Falling Times (New York, 2008)

FALLING TIMES - Czech Center -New York City 2008

Barack Obama pilots his election campaign against Republican John McCain primarily through rhetorical and medial means, although scandals surrounding his Republican opponents are as much responsible for his political triumph as his extraordinary communicative sympathy. Everyone can now be Schröder and Schwarzenegger, the mixing of politics and everyday opinions is becoming omnipresent, political opinions of European or American nature are not only no longer universally applicable, they are beginning to lose all supra-civic authority. The title, which is an allusion to the New York Times, also plays with this fact. Students as well as other cosmopolitan sections of the world public discover that social media are not only a fantastic economic tool, but are increasingly becoming a catalyst and soon a prerequisite for careers of all kinds. Falling Times, which wants to be nothing less than the figurative, infinite social media commentary accompanying the contradicting official channels’ news, projected onto the facades of the European metropolises, as well as the Czech Center in New York and Lichthof 7 at the ZKM, is a work, which, through its algorithmically supported consumer-generated image stream, outlines a new Consumer 2.0 or Prosumer, who will soon be able to navigate through the sea of ​​news by a naturally growing understanding of network mechanisms and the ability to search for and learn to close structural holes.[1]

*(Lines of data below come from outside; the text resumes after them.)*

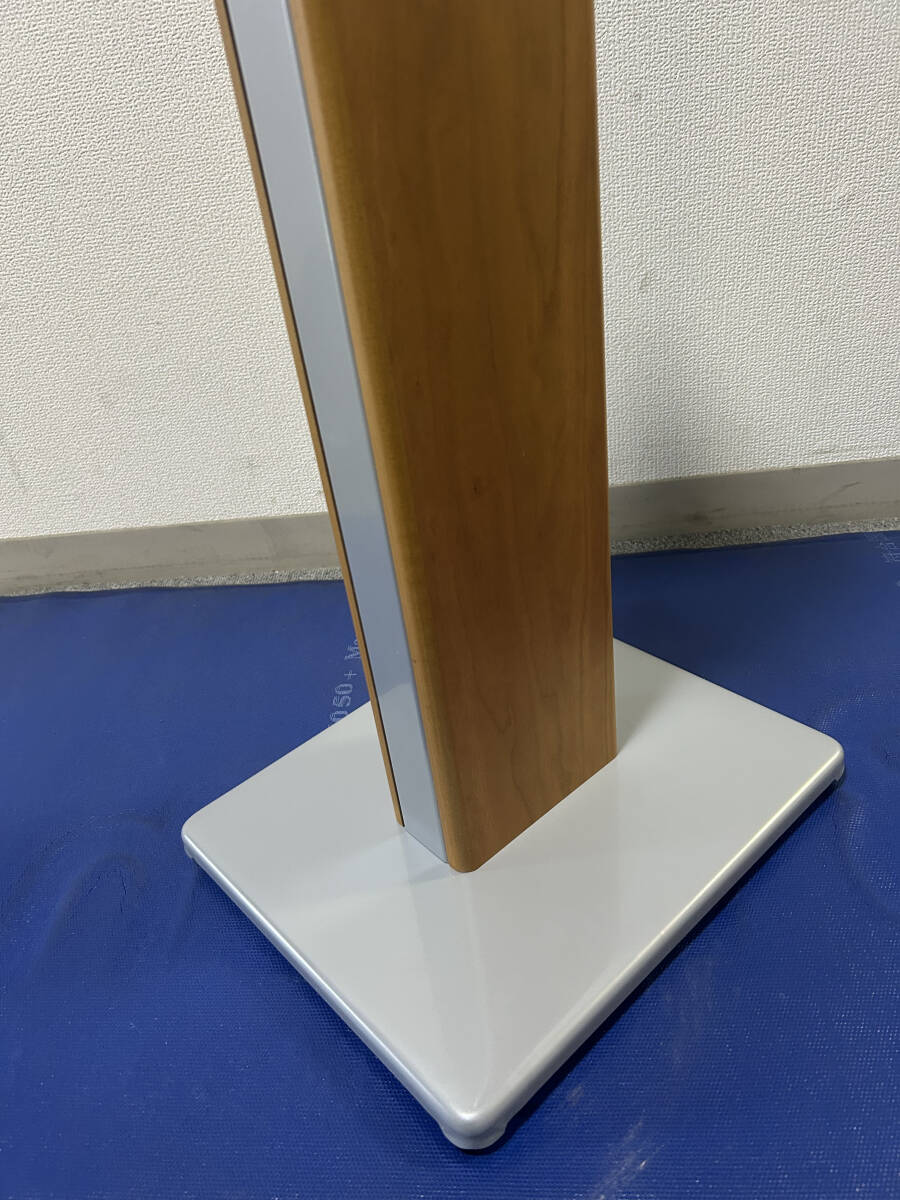 【希少＆販売終了品】美品【2本ペア】Sound Magic サウンドマジック スピーカースタンド RV24CS チェリーカラー/シルバー支柱/高さ610㎜ _5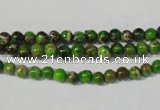 CDE920 15.5 inches 4mm round dyed sea sediment jasper beads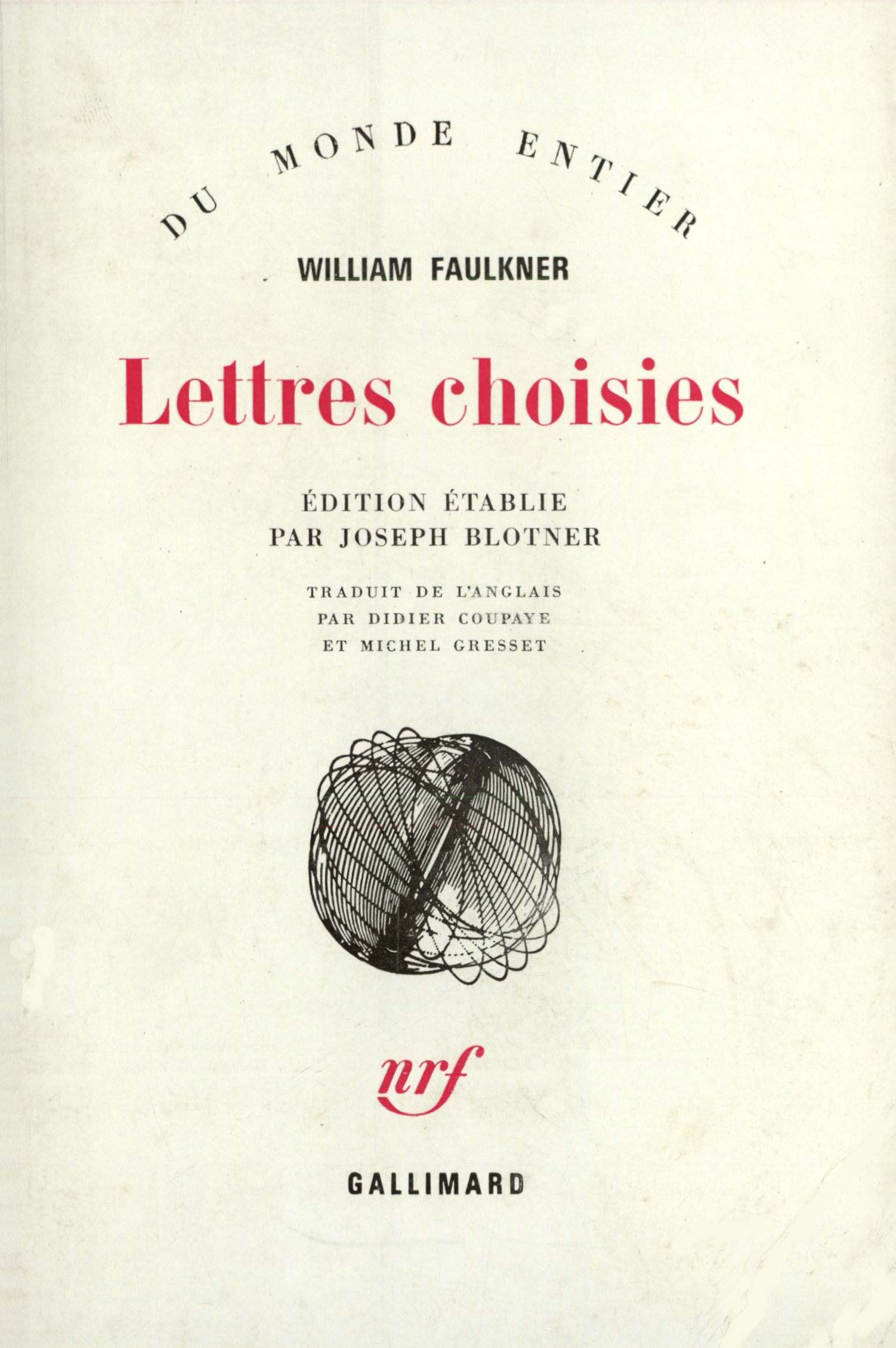 LETTRES CHOISIES FAULKNER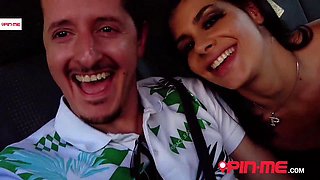 Gambling miss at public blowjob porn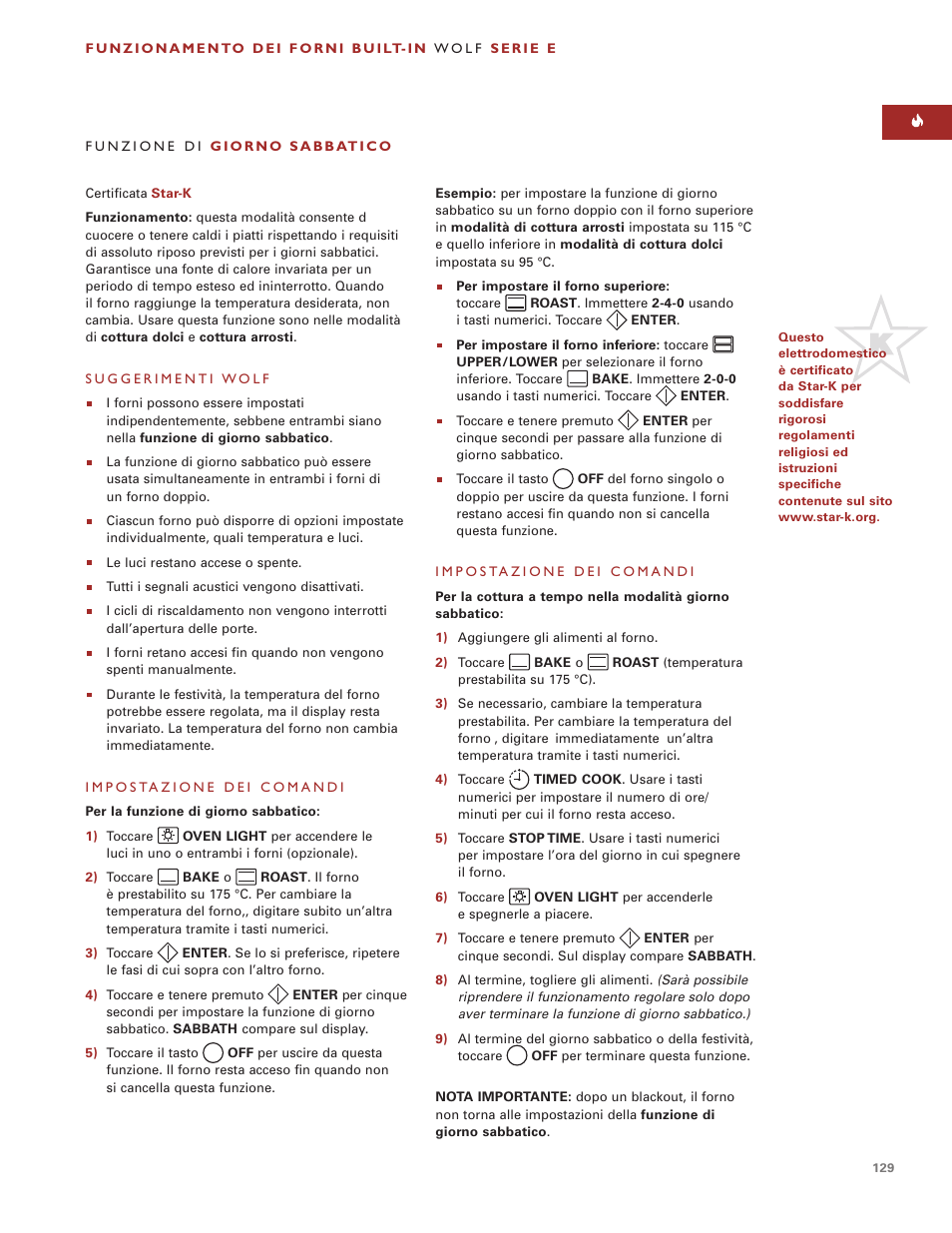 Wolf ICBSO30-2F/S User Manual | Page 129 / 169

Computer, projector, software: the external browser service TwapperKeeper (now HootSuite) was programmed in such a way that Twitter messages containing certain keywords are stored in a table that has an unique IP address assigned to it. Kamila B. Richter previously used these keywords as a template for pictograms in the form of action script files (* .as). With the help of JavaScript Object Notation (JSON), a lean data exchange format, Twitter messages are now broken down by keyword within the custom made Falling Times app and translated into the corresponding pictograms – when several keywords per message are discovered, pictogram hybrids are generated algorithmically. The resulting vector graphic pictograms are then animated and projected using the object-oriented scripting language ActionScript. Adobe will stop supporting and distributing Flash in 2020.

Paul Kenig

[1] Nicole Scheidenegger, „Strukturelle Löcher“, in: Handbuch Netzwerkforschung, eds. Christian Stegbauer, Roger Häußling (Wiesbaden: Springer VS Verlag), 2010.